The Git intermediate representation:

message CommitGir { // Pseudo-Protobuf
    // partial Gir:
    string scheme; // Id scheme.
    Entry id; // The Nog id.
    bytes commitGid; // The Git object id, 20 bytes binary sha1.

    // full Gir:
    Entry tree; // Nog id of the tree; to accelerate new commit.
    repeated Entry parents; // Nog ids of the commit parents.
}

The two-step lifting avoids a recursion that would trigger a full history walk when lifting a single commit. If lifting the parent commit id triggered constructing a full GIR, it would trigger the lifting of grandparents and, by recursion, all ancestors. But lifting the commit id triggers only a partial GIR, so there is no recursion.

An alternative to two-step lifting is to only store information in the GIR that can be computed without recursion. Any additional information that is required by NewCommitFromGir() must be read from the Git repository. Some information may or may not be cached separately from the GIR.

Lifting trees and objects works similarly, with a crucial difference. LiftXId() for trees and objects needs additional arguments to propagate the context in which the id is used. An example is the tree name, which needs to be determined from the context, since the same Git tree may have different Nog names.

The general structure of the context information is not obvious. The arguments of LiftXId(), therefore, are grouped into a single struct:

type Repo interface { // Go
    LiftTreeId(*pb.LiftTreeArgs) (*pb.Entry, error)
    LiftObjectId(*pb.LiftObjectArgs) (*pb.Entry, error)
    ...
}
// Pseudo-Protobuf
message LiftTreeArgs {
    Encoding enc;
    string name;
    bool is_toplevel;
    ...
}

message LiftObjectArgs {
    Encoding enc;
    string name;
    bytes oid;
    ...
}

The same approach may be used with commits, too, for consistency.
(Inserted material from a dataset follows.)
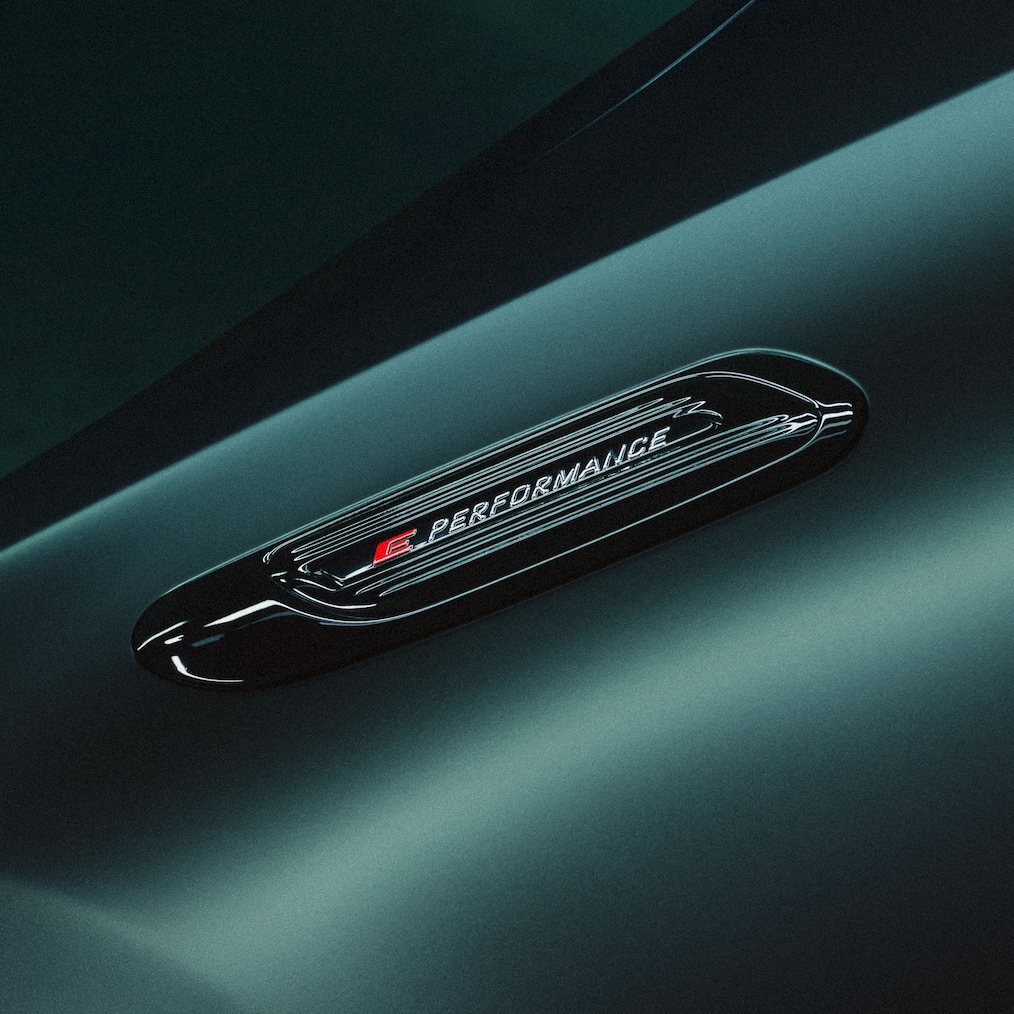 AMG-motorn i helt nya eldrivna Mercedes-AMG CLA 45 4MATIC+.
An alternative, which we rejected, is to add a separate details argument. The full argument list of LiftXId() then is:

  • Git id;
  • Encoding;
  • Details, to propagate the context.
type Repo interface { // Go
    LiftTreeId(*git.Oid, pb.Encoding, *pb.LiftTreeDetails) (*pb.Entry, error)
    LiftObjectId(*git.Oid, pb.Encoding, *pb.LiftObjectDetails) (*pb.Entry, error)
    ...
}
message LiftTreeDetails { // Pseudo-Protobuf
    string name; // The Nog name is determined by the Git parent.
    bool is_toplevel; // Toplevel trees may use a special convention.
}

message LiftObjectDetails {
    string name;
    bytes meta_gid; // A Git blob with meta JSON.
}

The meaning of Git trees and objects is only defined in the context in which they appear. The context is propagated through a history walk that starts from commits. Since commits are the entry points for the walk, they are lifted without context in order to implement GetRef() without providing a context.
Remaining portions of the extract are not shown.